Analytics
Will Bill No. 13599 сhange the practice of emergency searches: a lawyer’s perspective
Analytics
The issue of so-called “emergency searches” in Ukraine has long gone beyond a purely legal debate. It concerns situations where an investigator or prosecutor enters a person’s home or other premises without a judge’s warrant. The Constitution allows this only in exceptional cases — to save life and property or during the immediate pursuit of a suspect.
In practice, however, this procedure has long ceased to be an exception. In recent years, emergency searches have become a routine tool for law enforcement. The business community and human rights advocates have repeatedly stressed that this trend not only undermines the balance between investigative needs and citizens’ rights, but also creates significant room for abuse.
From Initial Attempts to a New Approach
Attempts to restrict this tool have been made before. The controversial Law No. 4555-IX, which curtailed the independence of the National Anti-Corruption Bureau and the Specialized Anti-Corruption Prosecutor’s Office, also amended the Criminal Procedure Code to allow emergency searches only in cases involving threats to life, health, or sexual integrity. However, the law had significant shortcomings in this part, and after public backlash, these restrictions were repealed — the previous wording of Article 233 of the CPC was restored by Law No. 4560-IX.
Now, the Verkhovna Rada has a new document on the table — Bill No. 13599, which in my view is more balanced and logical, though not without flaws.
What Changes
The bill proposes to clearly define the list of crimes in which emergency searches are permissible. These are serious criminal offenses against life, health, and sexual freedom: Articles 115–118, 121, 127, 146, 147, 149, 152, 153, 155, 156-1, 258, 258-1, and 259 of the Criminal Code of Ukraine (murders, grievous bodily harm, rape, terrorist acts, etc.). The legislator’s logic here appears clear and consistent, as the Constitution of Ukraine explicitly identifies threats to life and health as grounds for entering premises without a court warrant.
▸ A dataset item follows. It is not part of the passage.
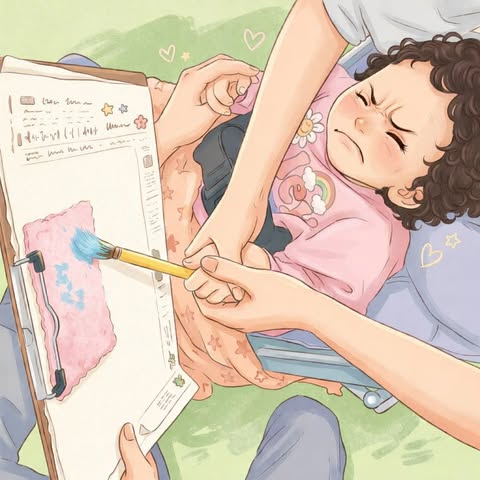 神の手で絵を描いているけれど子どもは？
It should be noted that it is impossible to completely deprive law enforcement of the ability to conduct searches without a court order, as this authority is granted by Article 30 of the Constitution of Ukraine. It states: “In urgent cases related to saving human life and property or the direct pursuit of persons suspected of committing a crime, another procedure for entering a home or other property, inspecting and searching it, may be established by law.”
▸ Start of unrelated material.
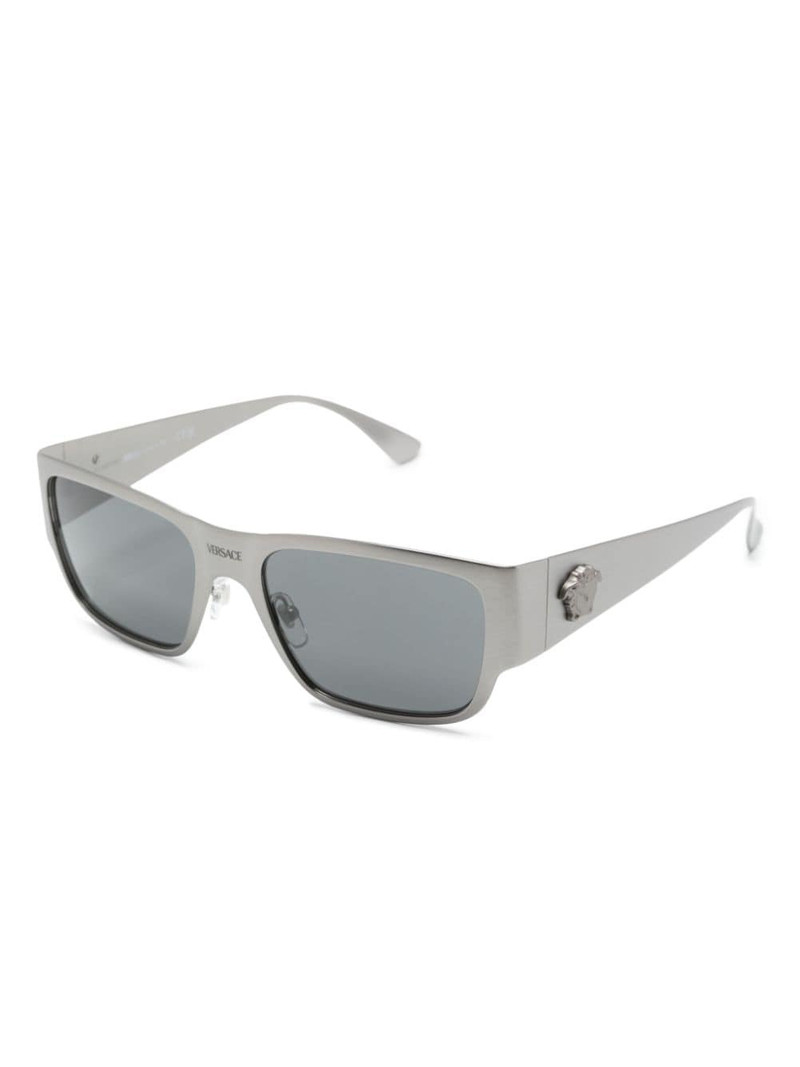 VERSACE Medusa-plaque rectangle-frame suglasses outlook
The bill’s authors also propose adding Articles 368 and 369 of the Criminal Code (acceptance of unlawful benefits and offering such benefits). Including corruption offenses seems justified: these violations are often detected “in the act,” and predicting the location of the bribe transfer in advance is impossible. In such cases, speed is critical.
Procedural Safeguards
Importantly, the bill also introduces several procedural guarantees to protect human rights:
Adversarial principle — a motion to approve a search after it has been carried out will be considered in the presence of the person whose premises were searched and their lawyer. This will allow the investigating judge to hear both sides and promptly respond to abuses.
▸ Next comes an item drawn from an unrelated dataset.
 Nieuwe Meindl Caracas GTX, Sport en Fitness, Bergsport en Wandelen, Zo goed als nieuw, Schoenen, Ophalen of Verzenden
Right to appeal a judge’s order authorizing a search — an additional safeguard against baseless decisions, which should also reduce both the number of emergency searches and their subsequent unjustified “legalization” by courts.
Assessment of the necessity to seize property — the bill would require the investigating judge, when reviewing an emergency search, to assess separately the necessity of seizing each item. This is a positive change, as in practice law enforcement often seizes everything that might hypothetically be of procedural or evidentiary interest instead of “saving” specific property. If adopted in its current form, the law could be expected to reduce both unwarranted searches and unjustified property seizures.
Expected Impact
The implementation of these changes could reduce the number of baseless searches and limit the practice of “legalizing” investigative actions after the fact through formal court approvals. For businesses, this would mean fewer unjustified disruptions; for citizens — greater protection of privacy and property.
Key Shortcoming
At the same time, the bill does not address one critical issue: it does not require the investigator or prosecutor at the scene of the search to issue a written order listing the specific property or evidence to be “saved.” Under Article 110 of the CPC, any procedural decision must be formalized by a written ruling, and such a provision could be an effective safeguard against arbitrary actions.
This requirement would allow the investigating judge to compare the grounds stated during the search with its actual results and protect all parties involved from abuse.
Bill No. 13599 is a step in the right direction. It reflects the legislator’s understanding that the tool of emergency searches requires clear limits and procedural safeguards. However, to achieve a real balance between the interests of the investigation and human rights, it is necessary to strengthen the requirements for documenting the grounds and objectives of a search conducted without a court warrant.
Only then can we say that this tool will return to its constitutional purpose — as an exception rather than a routine practice.